Relatives gave the public its most personal account of the loss. Kristian McKelvey, Molly’s older brother, told a local station that Lotus was “the happiest little baby I’d ever seen.” He said he would not be able to see her grow old. He also called Molly “a really awesome little sister.” Family members said Molly left behind two young sons, along with siblings, her mother and many friends. A fundraiser created by surviving relatives said the family was heartbroken and facing both emotional and financial challenges from the deaths. Those statements did not accuse anyone beyond what police alleged in the criminal case, but they showed the damage left outside the courtroom.
The domestic violence label on the charge is a legal marker, not a full public account of the relationship. Reports identified Ah-Nee as Lotus’ father and Molly McKelvey as the baby’s mother. Some later coverage described Ah-Nee as Molly’s husband, while other reports called him the child’s father or partner. The public record reviewed did not include a full relationship history, a marriage record or prior police calls involving the adults. Authorities have not said whether the case includes evidence of prior abuse. The court charge, as reported, ties the alleged killing to a domestic setting because the accused and the child were family members.
The facts made public so far rest on three pillars: police say Ah-Nee was with Lotus when she stopped breathing, the coroner found traumatic internal injuries, and detectives said an interview gave them probable cause for an arrest warrant. What remains unknown is broader. Officials have not described a motive. They have not said whether Ah-Nee offered an explanation for the injuries. They have not released autopsy details beyond the cause of death. They have not said whether the child had earlier injuries or whether child welfare agencies had any prior contact with the family. The lack of those details is common early in a homicide case, especially one involving a child.

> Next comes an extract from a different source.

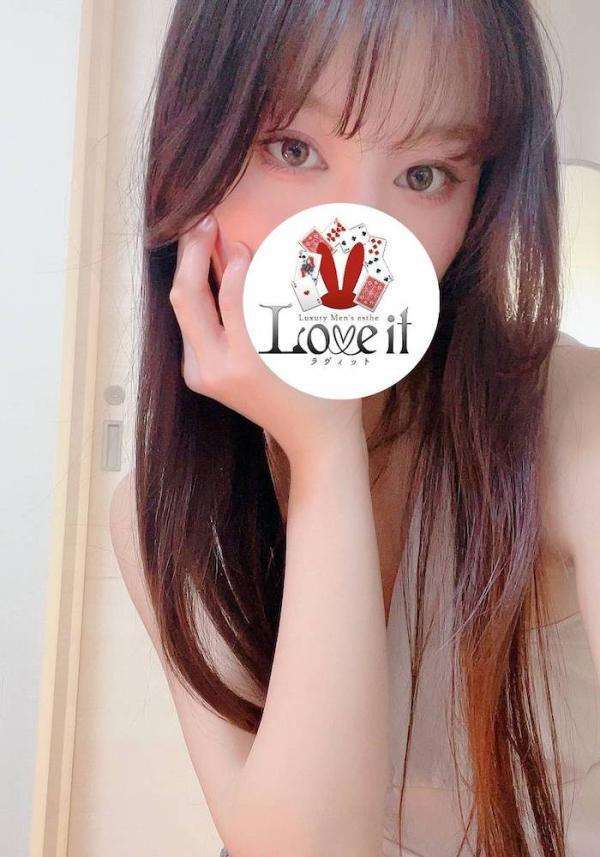Love it (ラヴィット) 河合えり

As the criminal case moves forward, prosecutors will have to connect medical evidence, witness statements and any physical evidence to the murder charge. Defense counsel can challenge the timing, cause and interpretation of the injuries, as well as statements made during police interviews. The bond order means Ah-Nee could be released if he meets the court’s terms, but reports after the hearing said records still showed him in the Madison County Jail. No public defense statement had been reported, and an attorney contacted by one national outlet did not respond to a request for comment.
Lotus’ death began as a call for medical help on a Wednesday afternoon. Within days, it had become a murder case, a suicide in the same family and a joint funeral. The court file now carries the official accusation, while relatives carry the names behind it: Lotus Kanani McKelvey and Molly Ann McKelvey.
As of May 20, Ah-Nee’s case remained pending, with no trial date reported in the public coverage reviewed. The next public milestone is expected to come through Madison County court filings or a prosecutor’s update.
Author note: Last updated May 20, 2026.